#### Exercise prompt:
Output exactly the lines from the first line of the records below through the line containing "Edificio emblemático iluminado", both included, leaving out any pictures.

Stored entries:
=-=-=-=-=

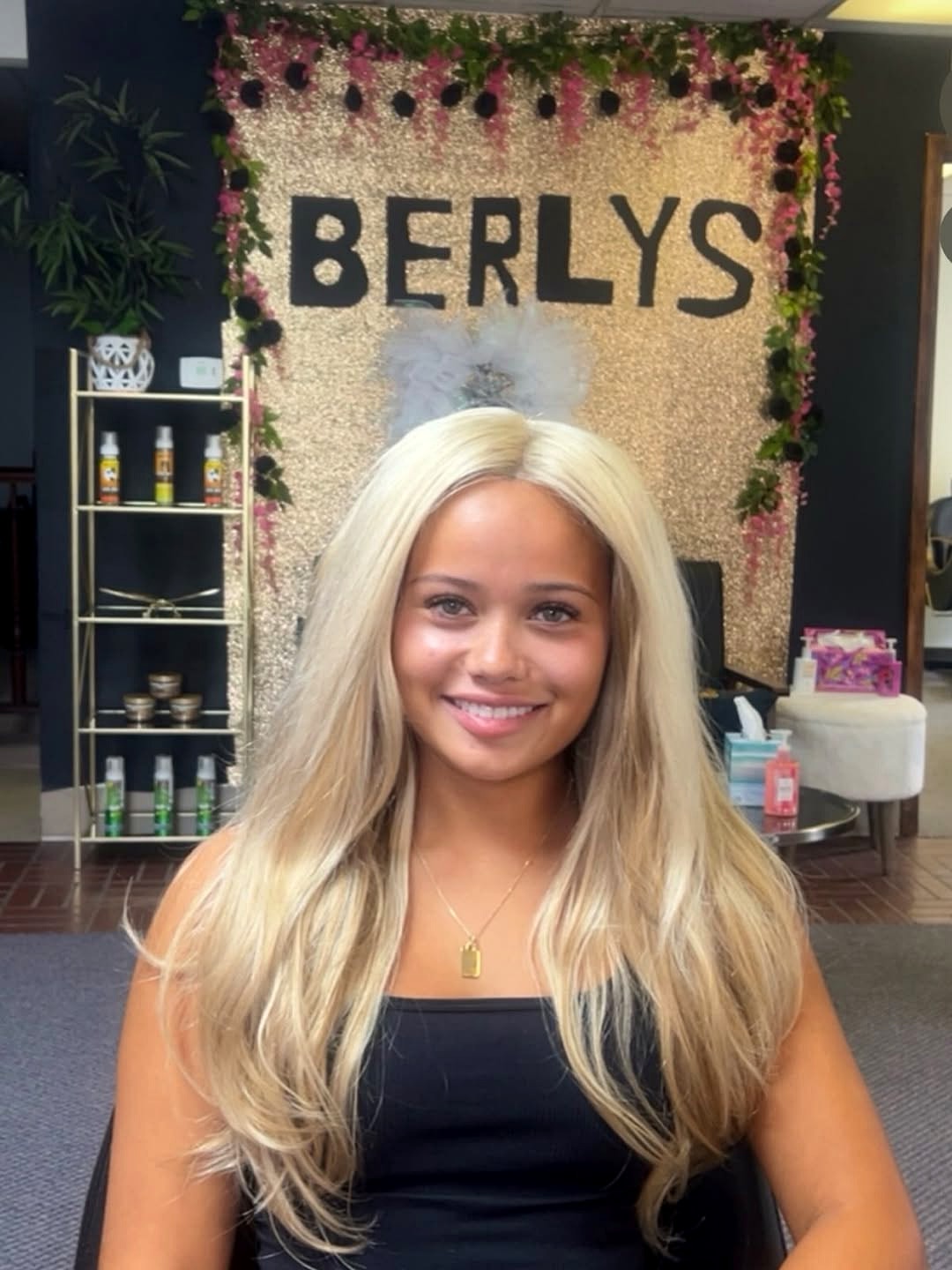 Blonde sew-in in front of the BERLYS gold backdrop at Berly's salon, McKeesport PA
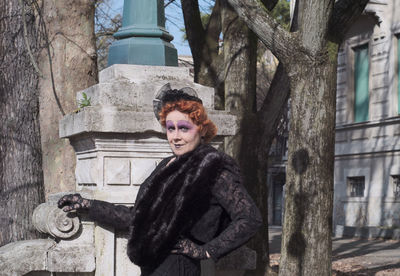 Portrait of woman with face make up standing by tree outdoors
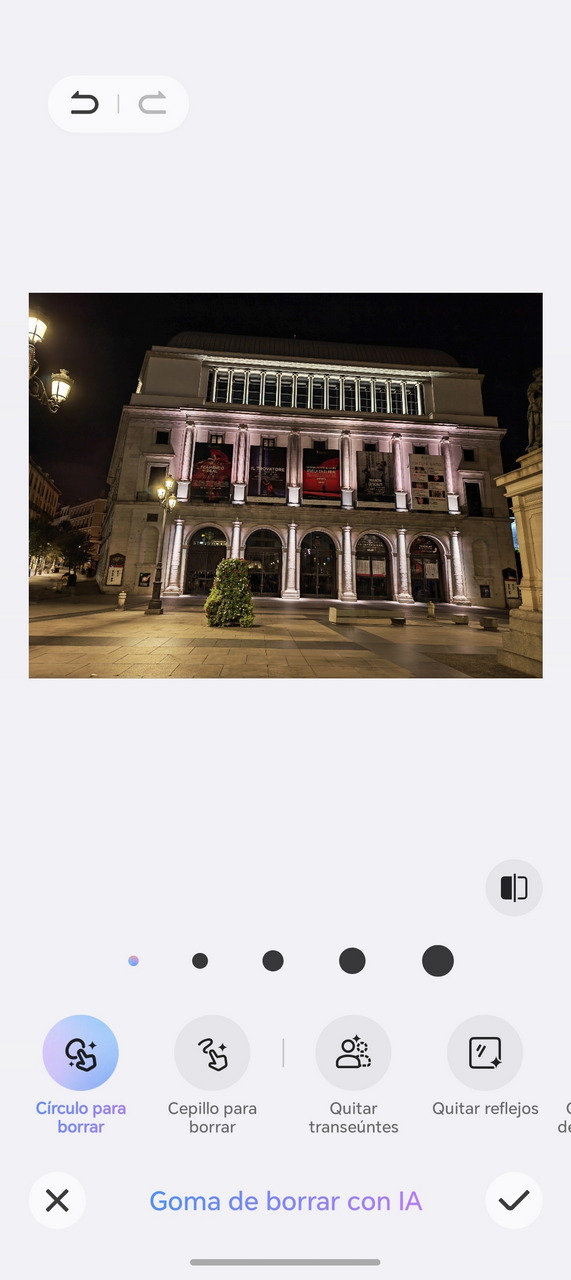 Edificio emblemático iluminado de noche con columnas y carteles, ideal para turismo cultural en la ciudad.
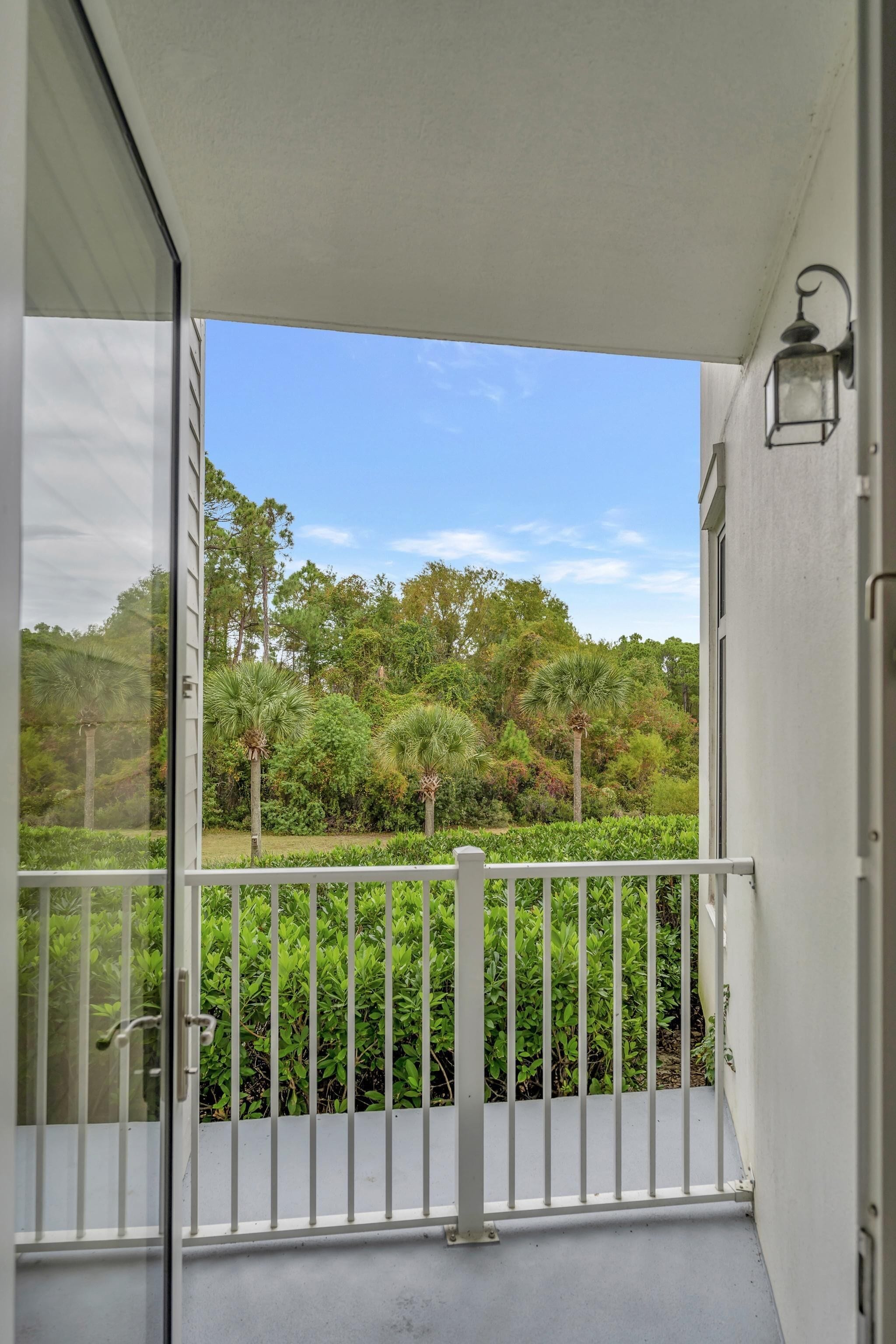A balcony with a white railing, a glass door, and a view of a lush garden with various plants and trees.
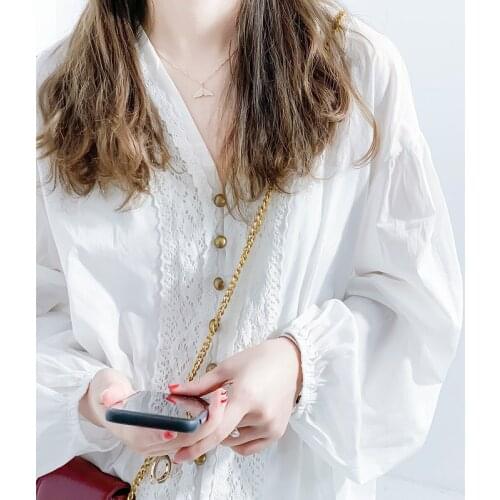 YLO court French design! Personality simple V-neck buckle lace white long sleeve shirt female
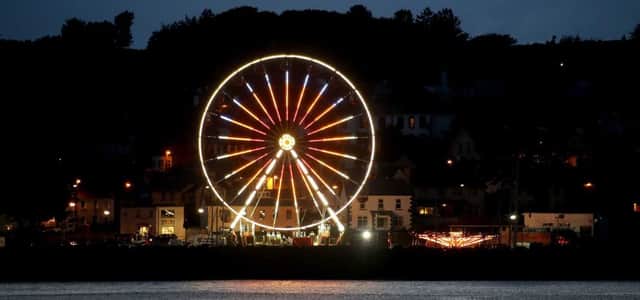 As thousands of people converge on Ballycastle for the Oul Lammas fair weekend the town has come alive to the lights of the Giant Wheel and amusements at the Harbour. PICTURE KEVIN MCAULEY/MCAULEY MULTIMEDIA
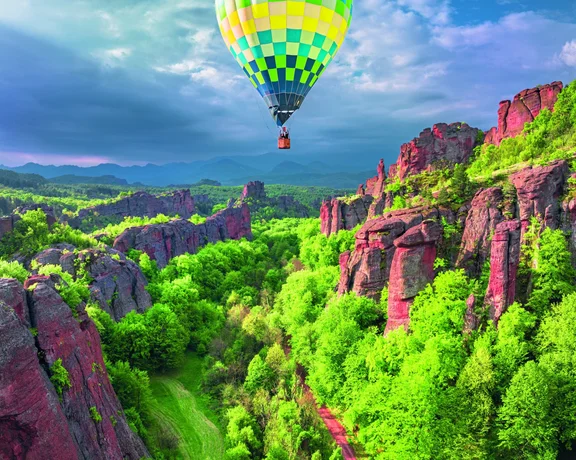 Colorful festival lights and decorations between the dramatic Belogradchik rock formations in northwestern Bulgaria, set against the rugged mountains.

=-=-=-=-=

#### Answer to this problem:
 Blonde sew-in in front of the BERLYS gold backdrop at Berly's salon, McKeesport PA
 Portrait of woman with face make up standing by tree outdoors
 Edificio emblemático iluminado de noche con columnas y carteles, ideal para turismo cultural en la ciudad.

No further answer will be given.